→ Aim of the exercise
Go to the line containing "Diode Dynamics Yellow" in the records below and print it and every following line exactly, on through the line containing "Honda 2019 CRF250LR Service Manual", then stop.

→ Extracted material
=== Begin Enclosure ===
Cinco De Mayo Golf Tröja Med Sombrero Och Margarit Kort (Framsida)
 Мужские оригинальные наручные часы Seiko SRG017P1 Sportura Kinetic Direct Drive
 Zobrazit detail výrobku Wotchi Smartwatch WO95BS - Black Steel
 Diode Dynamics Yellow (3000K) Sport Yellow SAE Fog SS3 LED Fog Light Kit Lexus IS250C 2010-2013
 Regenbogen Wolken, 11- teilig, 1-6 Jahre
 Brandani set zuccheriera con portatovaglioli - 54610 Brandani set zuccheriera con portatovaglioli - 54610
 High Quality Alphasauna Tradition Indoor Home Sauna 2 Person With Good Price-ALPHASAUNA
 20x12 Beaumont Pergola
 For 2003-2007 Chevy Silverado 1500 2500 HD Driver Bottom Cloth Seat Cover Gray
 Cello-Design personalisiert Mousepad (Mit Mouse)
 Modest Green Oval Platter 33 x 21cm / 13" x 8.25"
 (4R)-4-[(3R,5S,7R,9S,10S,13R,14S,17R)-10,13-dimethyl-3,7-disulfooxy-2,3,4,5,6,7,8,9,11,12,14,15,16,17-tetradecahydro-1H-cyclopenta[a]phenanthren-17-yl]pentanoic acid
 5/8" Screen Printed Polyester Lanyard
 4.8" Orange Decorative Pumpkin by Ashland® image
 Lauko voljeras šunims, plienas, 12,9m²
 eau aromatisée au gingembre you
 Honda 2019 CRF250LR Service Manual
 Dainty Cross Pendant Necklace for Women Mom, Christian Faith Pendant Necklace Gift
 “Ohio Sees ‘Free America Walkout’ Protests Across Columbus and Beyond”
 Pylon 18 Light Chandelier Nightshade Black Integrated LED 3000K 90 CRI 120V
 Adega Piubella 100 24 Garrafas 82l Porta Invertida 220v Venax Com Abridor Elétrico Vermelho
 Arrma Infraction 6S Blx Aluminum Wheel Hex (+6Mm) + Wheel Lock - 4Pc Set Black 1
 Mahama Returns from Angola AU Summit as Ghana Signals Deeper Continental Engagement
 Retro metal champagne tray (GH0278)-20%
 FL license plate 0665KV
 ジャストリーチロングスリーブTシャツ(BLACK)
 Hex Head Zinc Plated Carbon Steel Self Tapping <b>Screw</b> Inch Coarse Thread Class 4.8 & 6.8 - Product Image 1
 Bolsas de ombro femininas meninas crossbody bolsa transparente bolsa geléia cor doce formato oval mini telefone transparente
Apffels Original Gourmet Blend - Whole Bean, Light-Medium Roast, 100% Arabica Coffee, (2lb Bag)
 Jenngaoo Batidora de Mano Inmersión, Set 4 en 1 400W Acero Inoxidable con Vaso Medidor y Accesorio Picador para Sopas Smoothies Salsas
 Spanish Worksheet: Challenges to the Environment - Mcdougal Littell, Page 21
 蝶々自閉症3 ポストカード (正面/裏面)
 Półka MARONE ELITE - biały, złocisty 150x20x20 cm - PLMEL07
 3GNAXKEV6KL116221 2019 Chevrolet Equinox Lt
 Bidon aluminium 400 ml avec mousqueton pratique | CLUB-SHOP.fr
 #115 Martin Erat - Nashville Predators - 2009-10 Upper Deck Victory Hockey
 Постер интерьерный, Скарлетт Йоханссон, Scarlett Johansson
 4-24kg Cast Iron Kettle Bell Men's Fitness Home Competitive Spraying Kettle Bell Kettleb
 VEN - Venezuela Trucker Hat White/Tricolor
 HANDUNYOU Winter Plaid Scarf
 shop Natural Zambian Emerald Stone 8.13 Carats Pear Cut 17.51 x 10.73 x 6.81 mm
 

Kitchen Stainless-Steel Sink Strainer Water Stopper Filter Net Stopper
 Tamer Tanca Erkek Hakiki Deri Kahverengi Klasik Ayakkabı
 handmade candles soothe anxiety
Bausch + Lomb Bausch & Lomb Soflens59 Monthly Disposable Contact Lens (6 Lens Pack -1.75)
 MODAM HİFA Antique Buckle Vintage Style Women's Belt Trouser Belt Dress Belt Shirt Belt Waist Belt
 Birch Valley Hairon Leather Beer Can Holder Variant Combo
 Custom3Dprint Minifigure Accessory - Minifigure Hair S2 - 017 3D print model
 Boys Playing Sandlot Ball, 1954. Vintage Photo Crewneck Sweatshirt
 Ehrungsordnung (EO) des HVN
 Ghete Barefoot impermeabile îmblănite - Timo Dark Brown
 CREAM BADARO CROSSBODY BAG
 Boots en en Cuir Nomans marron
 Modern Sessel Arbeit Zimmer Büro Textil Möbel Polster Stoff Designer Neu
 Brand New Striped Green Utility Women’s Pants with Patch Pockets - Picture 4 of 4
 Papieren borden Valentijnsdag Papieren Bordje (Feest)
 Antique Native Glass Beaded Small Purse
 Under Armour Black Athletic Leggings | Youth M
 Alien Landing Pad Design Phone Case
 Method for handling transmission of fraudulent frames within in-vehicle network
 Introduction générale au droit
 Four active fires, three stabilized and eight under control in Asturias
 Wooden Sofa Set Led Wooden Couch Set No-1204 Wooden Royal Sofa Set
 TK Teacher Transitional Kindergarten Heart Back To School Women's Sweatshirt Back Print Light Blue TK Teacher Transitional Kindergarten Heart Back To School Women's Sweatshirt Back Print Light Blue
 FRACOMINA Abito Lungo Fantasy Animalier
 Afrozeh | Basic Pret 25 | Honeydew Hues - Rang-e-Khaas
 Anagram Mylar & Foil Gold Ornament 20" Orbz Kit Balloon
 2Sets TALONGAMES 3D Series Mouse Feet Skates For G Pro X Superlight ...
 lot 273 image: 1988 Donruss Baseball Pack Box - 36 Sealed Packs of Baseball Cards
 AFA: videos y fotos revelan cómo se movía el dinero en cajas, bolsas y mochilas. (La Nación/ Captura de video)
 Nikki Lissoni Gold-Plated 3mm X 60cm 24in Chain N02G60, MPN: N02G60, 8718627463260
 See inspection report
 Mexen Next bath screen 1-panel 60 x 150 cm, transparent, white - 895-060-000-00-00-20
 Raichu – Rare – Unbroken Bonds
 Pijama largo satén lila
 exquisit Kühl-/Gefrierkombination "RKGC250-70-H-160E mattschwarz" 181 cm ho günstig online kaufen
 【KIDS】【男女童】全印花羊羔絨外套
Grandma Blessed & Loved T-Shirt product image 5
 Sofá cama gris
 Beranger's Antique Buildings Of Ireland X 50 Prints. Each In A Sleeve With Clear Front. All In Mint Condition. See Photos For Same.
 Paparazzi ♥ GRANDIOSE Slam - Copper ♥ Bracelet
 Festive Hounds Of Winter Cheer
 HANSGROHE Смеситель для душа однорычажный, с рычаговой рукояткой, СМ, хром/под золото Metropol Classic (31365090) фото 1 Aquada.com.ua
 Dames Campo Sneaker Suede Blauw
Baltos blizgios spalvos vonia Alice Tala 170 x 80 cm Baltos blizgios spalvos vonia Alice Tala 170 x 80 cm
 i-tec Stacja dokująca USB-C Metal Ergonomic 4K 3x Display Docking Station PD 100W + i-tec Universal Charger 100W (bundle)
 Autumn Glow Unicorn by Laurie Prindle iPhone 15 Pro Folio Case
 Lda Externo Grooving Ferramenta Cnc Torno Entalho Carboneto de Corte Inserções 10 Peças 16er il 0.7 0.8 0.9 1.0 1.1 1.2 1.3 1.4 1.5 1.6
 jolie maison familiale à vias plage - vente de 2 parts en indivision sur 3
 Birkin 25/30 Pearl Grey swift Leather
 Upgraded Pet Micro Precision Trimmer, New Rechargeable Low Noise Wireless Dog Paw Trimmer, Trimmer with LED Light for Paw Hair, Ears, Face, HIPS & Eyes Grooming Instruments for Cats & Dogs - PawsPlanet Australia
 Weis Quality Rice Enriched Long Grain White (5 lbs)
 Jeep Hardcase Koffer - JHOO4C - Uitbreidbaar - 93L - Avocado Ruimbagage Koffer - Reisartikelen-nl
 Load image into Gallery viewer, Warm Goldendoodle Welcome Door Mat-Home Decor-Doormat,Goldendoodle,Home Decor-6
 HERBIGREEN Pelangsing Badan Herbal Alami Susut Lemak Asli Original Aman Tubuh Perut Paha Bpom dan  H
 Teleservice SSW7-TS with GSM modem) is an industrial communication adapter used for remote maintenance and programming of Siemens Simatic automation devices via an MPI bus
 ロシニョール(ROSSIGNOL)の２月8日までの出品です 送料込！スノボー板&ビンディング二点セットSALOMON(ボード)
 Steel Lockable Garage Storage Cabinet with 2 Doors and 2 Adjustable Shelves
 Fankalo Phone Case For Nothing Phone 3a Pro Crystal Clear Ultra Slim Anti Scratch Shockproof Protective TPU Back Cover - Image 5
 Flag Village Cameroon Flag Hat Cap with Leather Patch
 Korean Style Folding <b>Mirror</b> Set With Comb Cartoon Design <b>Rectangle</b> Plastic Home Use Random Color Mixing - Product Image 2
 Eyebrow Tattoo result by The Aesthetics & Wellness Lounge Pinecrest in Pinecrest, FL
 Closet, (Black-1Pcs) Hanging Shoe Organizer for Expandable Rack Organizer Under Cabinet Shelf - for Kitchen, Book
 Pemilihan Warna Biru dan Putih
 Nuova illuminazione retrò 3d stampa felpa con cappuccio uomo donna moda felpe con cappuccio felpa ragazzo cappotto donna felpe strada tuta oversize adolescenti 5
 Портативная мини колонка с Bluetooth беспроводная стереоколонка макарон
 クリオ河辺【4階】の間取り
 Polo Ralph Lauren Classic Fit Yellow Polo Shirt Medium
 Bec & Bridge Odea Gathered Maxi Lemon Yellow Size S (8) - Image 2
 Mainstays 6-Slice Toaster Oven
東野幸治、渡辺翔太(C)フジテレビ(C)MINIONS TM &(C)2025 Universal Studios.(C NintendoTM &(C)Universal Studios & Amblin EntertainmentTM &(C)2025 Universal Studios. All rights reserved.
=== End Enclosure ===
→ Task answer
 Diode Dynamics Yellow (3000K) Sport Yellow SAE Fog SS3 LED Fog Light Kit Lexus IS250C 2010-2013
 Regenbogen Wolken, 11- teilig, 1-6 Jahre
 Brandani set zuccheriera con portatovaglioli - 54610 Brandani set zuccheriera con portatovaglioli - 54610
 High Quality Alphasauna Tradition Indoor Home Sauna 2 Person With Good Price-ALPHASAUNA
 20x12 Beaumont Pergola
 For 2003-2007 Chevy Silverado 1500 2500 HD Driver Bottom Cloth Seat Cover Gray
 Cello-Design personalisiert Mousepad (Mit Mouse)
 Modest Green Oval Platter 33 x 21cm / 13" x 8.25"
 (4R)-4-[(3R,5S,7R,9S,10S,13R,14S,17R)-10,13-dimethyl-3,7-disulfooxy-2,3,4,5,6,7,8,9,11,12,14,15,16,17-tetradecahydro-1H-cyclopenta[a]phenanthren-17-yl]pentanoic acid
 5/8" Screen Printed Polyester Lanyard
 4.8" Orange Decorative Pumpkin by Ashland® image
 Lauko voljeras šunims, plienas, 12,9m²
 eau aromatisée au gingembre you
 Honda 2019 CRF250LR Service Manual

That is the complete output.